5. Why should we choose presuppositional apologetics over other systems of apologetics?
The biblical doctrine of man and the biblical doctrine of sin are very helpful to us in understanding - from a Biblical perspective - who are we talking to and thus help us to know the better method as to how to do the task. The Bible is very clear about the problem of unbelievers. It is not about a lack of evidence, but rather it is a spiritual problem.

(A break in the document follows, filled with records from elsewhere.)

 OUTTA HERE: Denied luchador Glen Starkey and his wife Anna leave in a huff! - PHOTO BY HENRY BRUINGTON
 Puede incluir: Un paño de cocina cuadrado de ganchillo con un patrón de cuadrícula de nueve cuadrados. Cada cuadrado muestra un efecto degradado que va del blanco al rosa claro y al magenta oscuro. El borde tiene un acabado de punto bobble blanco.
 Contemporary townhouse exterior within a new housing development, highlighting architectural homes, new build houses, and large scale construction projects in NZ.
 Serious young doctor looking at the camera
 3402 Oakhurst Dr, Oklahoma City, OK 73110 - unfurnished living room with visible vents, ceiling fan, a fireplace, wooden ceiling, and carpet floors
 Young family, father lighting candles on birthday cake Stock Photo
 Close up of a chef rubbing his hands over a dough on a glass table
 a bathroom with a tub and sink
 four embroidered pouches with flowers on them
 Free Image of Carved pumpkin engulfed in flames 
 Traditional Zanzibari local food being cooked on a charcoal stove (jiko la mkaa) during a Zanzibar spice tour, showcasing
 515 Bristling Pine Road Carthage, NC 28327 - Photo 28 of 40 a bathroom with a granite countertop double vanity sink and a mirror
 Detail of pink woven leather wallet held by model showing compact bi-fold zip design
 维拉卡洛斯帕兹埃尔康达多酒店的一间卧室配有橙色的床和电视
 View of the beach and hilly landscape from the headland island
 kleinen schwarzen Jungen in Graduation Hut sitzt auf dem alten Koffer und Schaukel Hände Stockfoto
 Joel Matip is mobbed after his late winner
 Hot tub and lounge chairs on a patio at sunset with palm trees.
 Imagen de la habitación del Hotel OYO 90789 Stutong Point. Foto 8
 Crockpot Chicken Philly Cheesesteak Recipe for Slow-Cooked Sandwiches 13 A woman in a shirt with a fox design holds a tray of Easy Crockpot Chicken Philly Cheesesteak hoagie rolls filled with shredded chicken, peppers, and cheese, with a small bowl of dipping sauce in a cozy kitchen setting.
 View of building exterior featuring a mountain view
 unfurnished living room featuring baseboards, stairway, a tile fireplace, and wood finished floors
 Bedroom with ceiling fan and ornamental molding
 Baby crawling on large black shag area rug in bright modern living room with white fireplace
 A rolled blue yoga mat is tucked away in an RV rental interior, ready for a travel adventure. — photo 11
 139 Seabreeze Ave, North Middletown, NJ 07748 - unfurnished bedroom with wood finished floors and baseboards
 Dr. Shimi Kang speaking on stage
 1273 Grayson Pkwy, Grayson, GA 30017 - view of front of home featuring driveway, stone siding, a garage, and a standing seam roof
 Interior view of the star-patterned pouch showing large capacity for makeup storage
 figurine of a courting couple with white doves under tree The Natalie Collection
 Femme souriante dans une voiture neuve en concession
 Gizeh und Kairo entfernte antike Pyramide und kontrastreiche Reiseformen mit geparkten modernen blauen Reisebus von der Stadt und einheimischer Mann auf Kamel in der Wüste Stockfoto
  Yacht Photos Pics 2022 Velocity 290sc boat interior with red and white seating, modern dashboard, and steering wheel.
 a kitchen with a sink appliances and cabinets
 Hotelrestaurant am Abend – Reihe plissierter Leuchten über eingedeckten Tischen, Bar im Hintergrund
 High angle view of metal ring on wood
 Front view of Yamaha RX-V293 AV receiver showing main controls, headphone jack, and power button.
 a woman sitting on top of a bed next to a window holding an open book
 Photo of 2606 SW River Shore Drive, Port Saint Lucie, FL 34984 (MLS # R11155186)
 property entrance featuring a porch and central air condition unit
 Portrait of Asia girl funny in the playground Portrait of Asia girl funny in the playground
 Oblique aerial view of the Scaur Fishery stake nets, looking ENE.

In Romans 1, the apostle Paul tells us (emphasis mine): “For the wrath of God is revealed from heaven against all ungodliness and unrighteousness of men, who by their unrighteousness suppress the truth, because that which is known about God is evident within them; for God made it evident to them. For since the creation of the world His invisible attributes, His eternal power and divine nature, have been clearly seen, being understood through what has been made, so that they are without excuse. For even though they knew God, they did not honor Him as God or give thanks, but they became futile in their speculations, and their foolish heart was darkened. Professing to be wise, they became fools” (Romans 18-22).
Paul says unbelievers “by their unrighteousness suppress the truth.” It’s not that they lack evidence; on the contrary, they know God because God made Himself known to them (v19), and according to Paul they don’t know a god but they rather know “the God.” The word Paul uses for “without excuse” is “ἀναπολογήτους;” a more literal translation is “without apologetics.”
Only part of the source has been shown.